America’s highest court ruled that where losses that occur elsewhere on the globe are independent of cartel activity in the US, foreign claimants can no longer bring actions in the US courts.
However, the Supreme Court expressly left open the question of whether US courts would hear cases where no losses would have been suffered abroad ‘but for’ a price cartel in the US - for example, if a US cartel prevented foreign purchasers from buying easily transportable goods cheaply in the US instead of their home country.
The Supreme Court said it could not rule on this issue because the matter had not been raised in the Court of Appeals.
Michael Sanders, a litigation partner at City firm Linklaters, said: ‘It surprises me that the "but for" argument wasn’t run in the Court of Appeals. But it is very likely that the plaintiffs will go back to the Court of Appeals with this argument - given that the sums of money involved and the matters of principle riding on it are immense.
‘The Supreme Court has given as clear an indication as it can that there is another avenue to explore, and it will be explored - there is so much at stake.’

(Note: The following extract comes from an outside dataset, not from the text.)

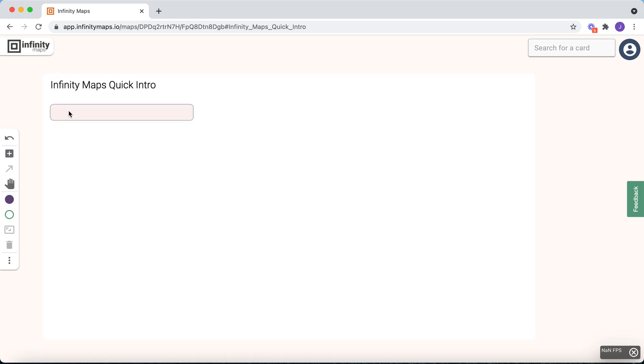When you have created a new card, it is initially empty. If you now click on it, it will be selected and is also directly in text editing mode. That means you can start typing right away to label it.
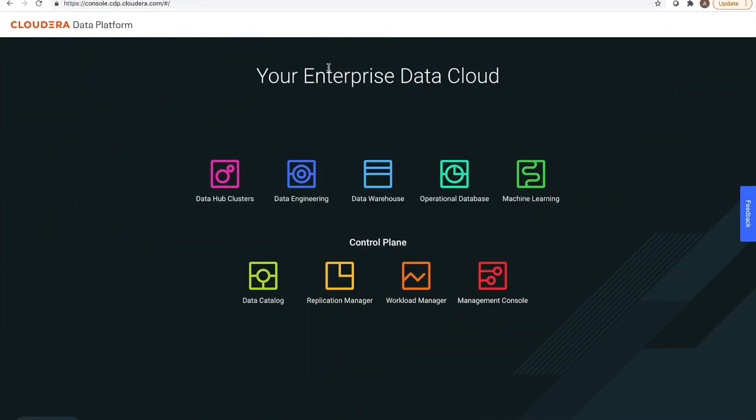Today, I'm going to walk through a demo of Cloudera's operational database, also known as COD.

Jettie Van Caenegem, vice-chairwoman of the European Company Lawyers Association and director of legal affairs at UCB SA, one of the defendants in the case, said: ‘This was a good result consistent with the principles of comity that there should not be an ever-increasing expansion of the reach of American courts.’
Meanwhile, national firm Irwin Mitchell announced it was joining US firm Cohen Milstein Hausfeld & Toll in launching a series of claims in the UK on behalf of clients claiming to be victims of the vitamins cartel.